** GIVEN INFORMATION follows **

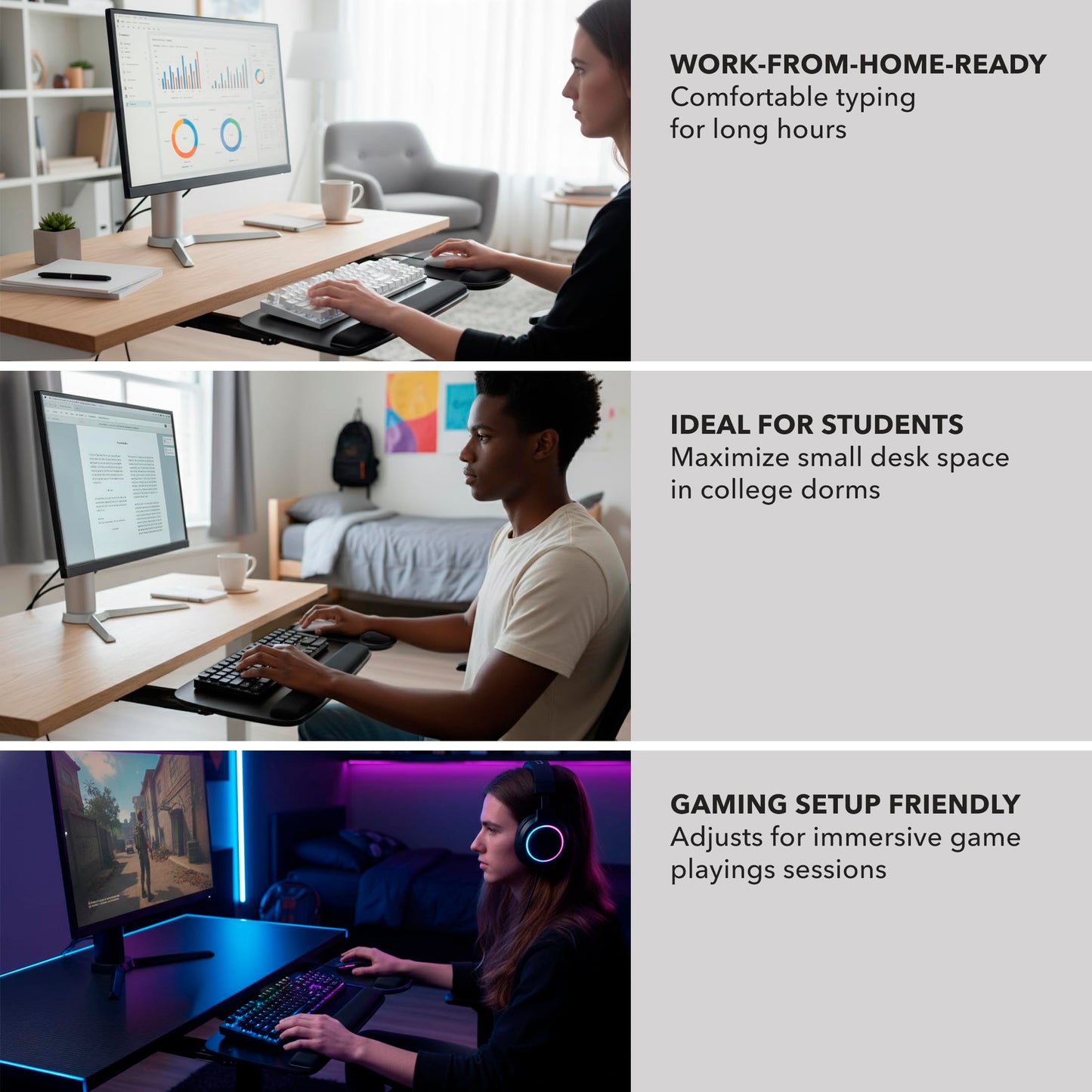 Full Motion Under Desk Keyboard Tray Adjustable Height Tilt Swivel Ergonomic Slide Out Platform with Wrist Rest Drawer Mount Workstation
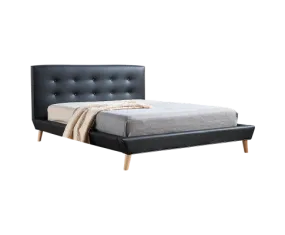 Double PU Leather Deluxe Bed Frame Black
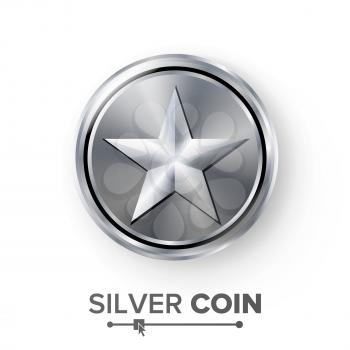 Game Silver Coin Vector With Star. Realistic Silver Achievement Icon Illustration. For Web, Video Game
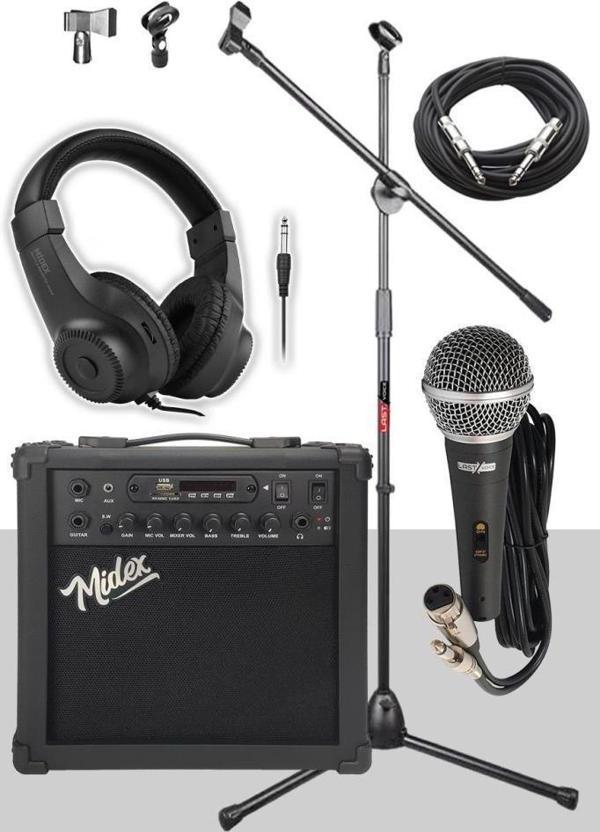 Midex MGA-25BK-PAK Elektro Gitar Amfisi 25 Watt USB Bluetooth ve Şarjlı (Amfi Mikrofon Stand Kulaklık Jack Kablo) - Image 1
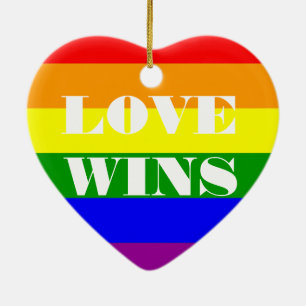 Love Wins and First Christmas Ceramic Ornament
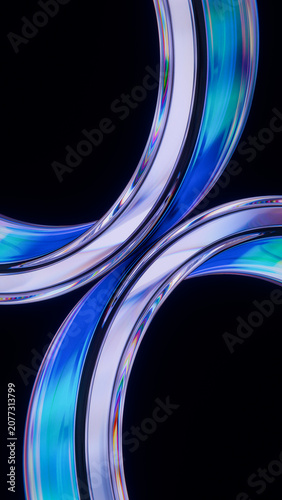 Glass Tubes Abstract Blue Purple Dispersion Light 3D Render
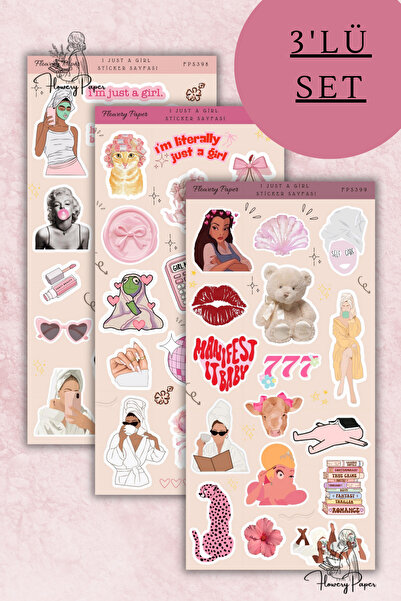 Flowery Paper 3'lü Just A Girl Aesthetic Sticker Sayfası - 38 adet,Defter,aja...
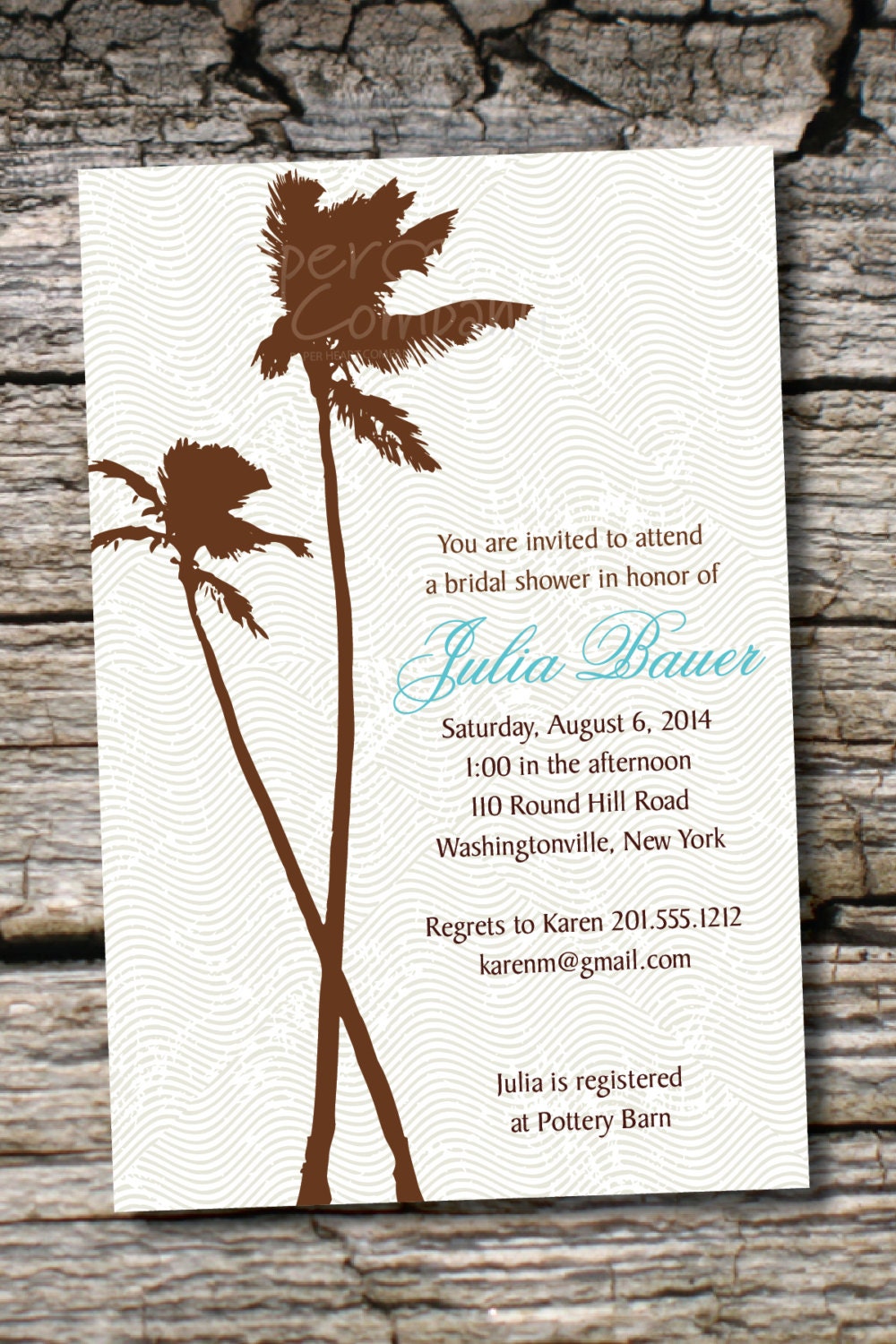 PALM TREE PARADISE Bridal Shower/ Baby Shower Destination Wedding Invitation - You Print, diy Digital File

** End of GIVEN INFORMATION **

Output exactly the lines from the one containing "Glass Tubes Abstract" through the last line of the records above, both included, and leave out the pictures.

RESPONSE FOR THIS EXERCISE →
 Glass Tubes Abstract Blue Purple Dispersion Light 3D Render
 Flowery Paper 3'lü Just A Girl Aesthetic Sticker Sayfası - 38 adet,Defter,aja...
 PALM TREE PARADISE Bridal Shower/ Baby Shower Destination Wedding Invitation - You Print, diy Digital File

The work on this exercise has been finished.